Hey everyone, if you are admitted to USC film production major and AFI directing class, which one would you attend and why?


----------



## wknowles (Mar 21, 2019)

I'm for USC. The first year schedule at AFI plus what the gear provided by the conservatory have ruled it out for me. And tuition is so expensive!


----------



## Deb F (Mar 21, 2019)

wknowles said:


> I'm for USC. The first year schedule at AFI plus what the gear provided by the conservatory have ruled it out for me. And tuition is so expensive!


You mean afi provide poor equipment? I heard the equipment in USC is poorer...? And yes tuition is so expensive   I think it's getting more expensive than last year.


----------



## wknowles (Mar 24, 2019)

Deb F said:


> You mean afi provide poor equipment? I heard the equipment in USC is poorer...? And yes tuition is so expensive   I think it's getting more expensive than last year.



Usc is definitely above  

USC - red and Alexa for thesis films.

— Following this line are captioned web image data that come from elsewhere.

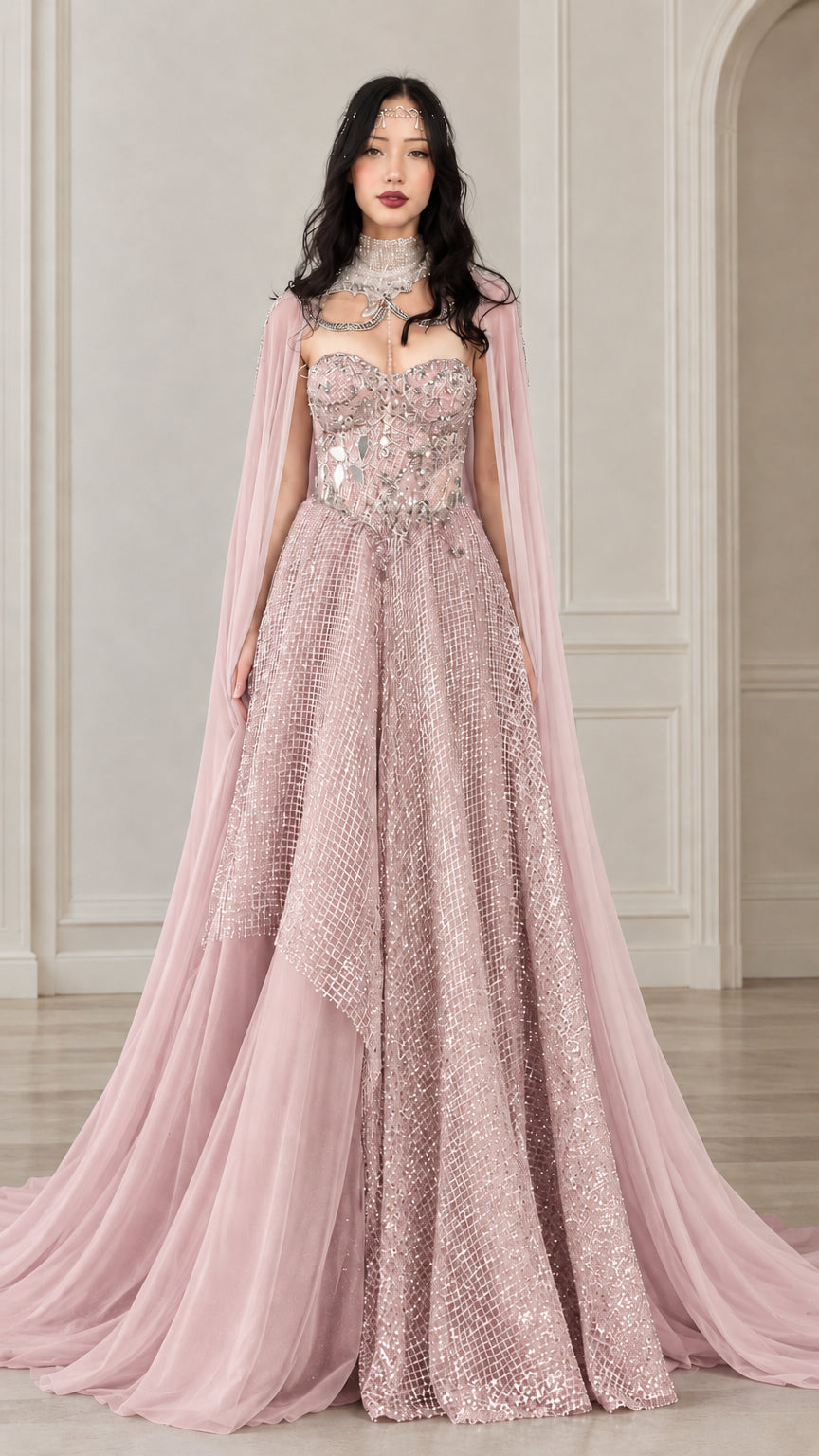 Full front view of dusty pink embellished formal evening gown with sheer blush cape attachment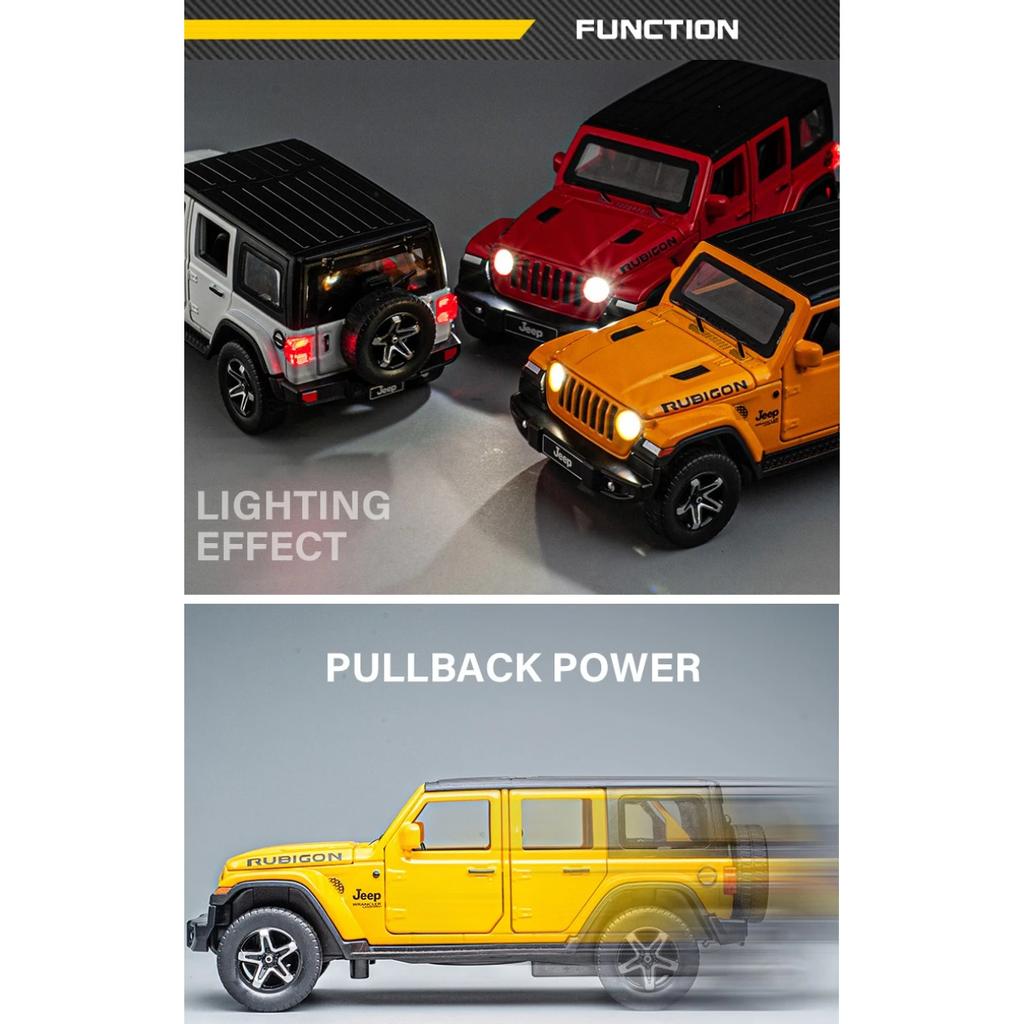 1/32 Jeeps Wrangler Rubicon Vehicle Model Car Toy High Simulation Sound and Light Off-road Alloy Collection Toy Car for Children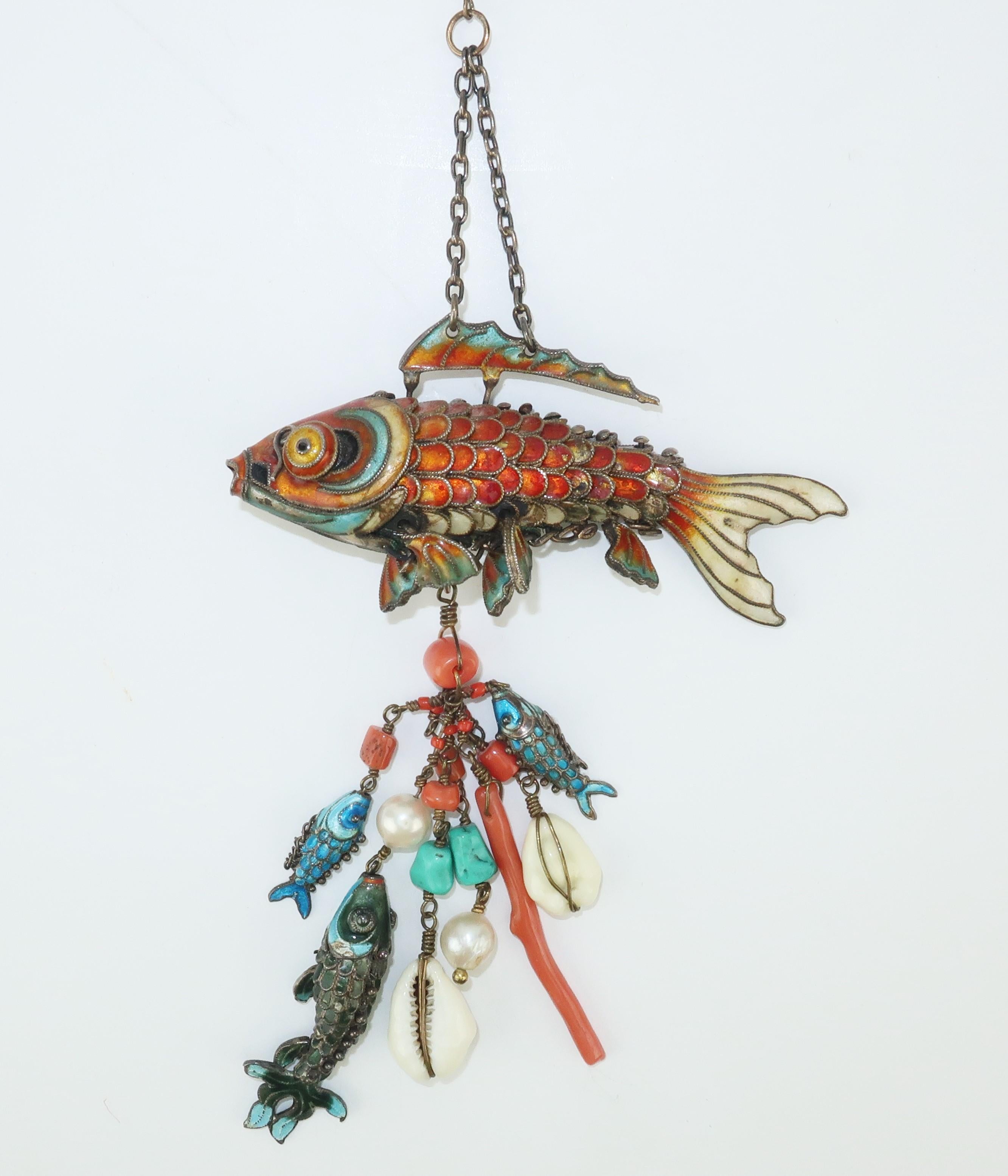 Chinese Articulated Enamel Fish Charm Necklace With Coral In Good Condition In Atlanta, GA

Led lights. 

Afi- (from what I’ve heard from them) lower end canon cameras for films.


----------



## yisiling (Mar 24, 2019)

my advice to you is to reach out to both current USC and AFI directing student and ask their experience there. 
It depends on what matters to you. Check out shorts done by both schools, ask their equipment list (if that matters to you), if you are in LA, ask them if you can sit in for a class. Check out the program from different aspect, and then make a decision.


----------